El final se nos describe rápidamente. Lo malo se vuelve pronto peor. La incredulidad se desliza veloz por la pendiente hasta llegar allí donde el Evangelio nunca es predicado y no hay esperanza.

Dios alterca. Caín no se somete. Ve la justicia que es por la fe, solo para odiarla más. Mediante el asesinato de su propio hermano piadoso, busca apagar la luz que todavía brilla sobre él. Se hunde en la desesperación, y desde sus prisiones eternas clama: «Ve con cuidado, y no rechaces el sacrificio más excelente».

Lector, puede ser que, cuidadoso de muchas cosas, hayas sido sin embargo negligente en lo que debería ser el principal cuidado del hombre. Escucha por un momento. Te lo ruego.

¿No oyes una voz que te formula una pregunta basada en esta narración? Una voz que te dice: ¿Eres de Abel o de Caín? En términos más sencillos: ¿Recibes o rechazas al Señor Jesús? Este es el punto importante. Él fue el fin del «sacrificio más excelente» que Abel trajo y que Caín desechó (Heb. 11:4). Cristo es el Cordero señalado por Dios, aceptado por Dios y llevado hasta nuestra misma puerta por medio de las Escrituras.

¿Quién puede apreciar en todo su profundo valor, los poderosos motivos que impulsan al pecador para apropiarse de este sacrificio? Son más numerosos que los momentos de la eternidad. Cada uno habla más alto que los truenos del Sinaí. Cada uno tiene clamor estremecedor, como la trompeta de Dios.

El sacrificio más excelente

Considera solamente su poder real. Es éste: Salva eternamente a las almas de todos los pobres pecadores que lo presentan a Dios por la fe.

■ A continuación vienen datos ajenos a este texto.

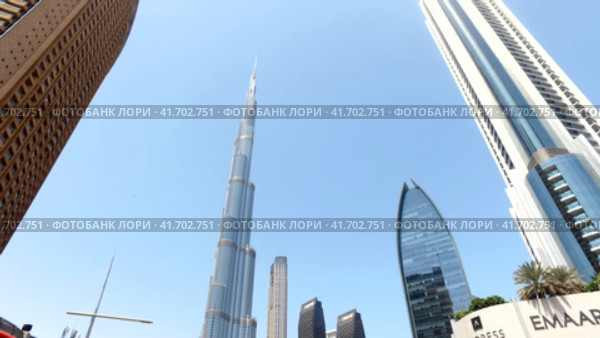View of Burj Khalifa at blue sky and urban street with cars of Dubai city, UAE (2023 год). Редакционное видео, видеограф Aleksandr Golubev / Фотобанк Лори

¿No es preciosa tu alma? Más allá de todo pensamiento. Necesita redención de la ira y de la ruina. ¿Estás preparado para ofrecer su valor equivalente?

Imagínate que las balanzas de los cielos hicieran la prueba. ¿Qué podrías presentar como contrapartida en el otro platillo de la balanza? No tienes nada, lo que tienes es más ligero que la vanidad. Pon ahora el «sacrificio más excelente». Su valor está por encima de todo precio. Ofrécelo y eres salvo. ¿Serás como Caín y rechazarás este sacrificio?

Son muchos tus pecados. La arena del mar es poca en comparación; pero cada uno de ellos ha de ser borrado, o perecerás eternamente.

Un pecador no perdonado no puede entrar en el reino de los cielos. ¿Qué harás entonces? Una cosa es clara: No puedes hacer nada, no puedes deshacer el pasado.

Pero he aquí «el sacrificio más excelente» limpia de todo pecado. Por él, toda clase de pecados son perdonados a los hijos de los hombres. Cambia lo más vil en perfecta pureza. Sus méritos pueden hacerte a ti sin mancha. ¿Querrás ser tú como Caín y rechazar «el sacrificio más excelente»?

Tú necesitas paz. Satanás aturde. La ley te condena, la conciencia te acusa. Tus heridas son profundas, tus cargas pesadas. El corazón se derrite. Andas taciturno y pesado. Te miras a ti mismo y te desesperas. Miras el mundo y se burla de tu problema. Buscas una fuente y resulta una cisterna rota. Vuelas hacia los actos externos de la religión y son como cañas, te apoyas en ellas y te hieres las manos.

¡Cuán distinto es el «sacrificio más excelente»! Nos habla de que Dios está satisfecho, el pecado remitido, y todos los acusadores enmudecidos. Trae perfecta paz, que sobrepasa todo entendimiento.

¿Serás como Caín y rechazarás el «sacrificio más excelente»?

Tú deseas santificación, anhelas ser conformado a la imagen de Cristo. Esto está bien, porque es eterna ley de Dios que sin santidad nadie le verá.

Pero la santidad solo puede aprenderse en ese altar. Es la visión del Cristo muriendo por nosotros lo que mata nuestra concupiscencia. Es la sombra de la cruz lo que hace temblar al enemigo. Un amador de la iniquidad no puede morar en la gloria. Pero no hubo jamás un hombre santo que no viviese en la gloria, al apoyarse en «el sacrificio más excelente». Si deseas andar con Dios en verdadera justicia, no imites a Caín, no rechaces este sacrificio.

Recuerda: este sacrificio es único. Jesús, por la ofrenda de sí mismo, hecha una sola vez, «hizo perfectos para siempre a los santificados» (Heb. 10:14). Descuídalo, y no podrás hallarlo en ninguna otra parte. Descuídalo hoy, y tal vez mañana lo buscarás en vano. Escucha, pues, la voz de Abel que te llama sin descanso para que te apresures a acudir al altar de tu salvación.

Lector, no dejes estas líneas sin antes declarar: Me gozo verdaderamente en el Señor Jesucristo, y él es para mí «el sacrificio más excelente».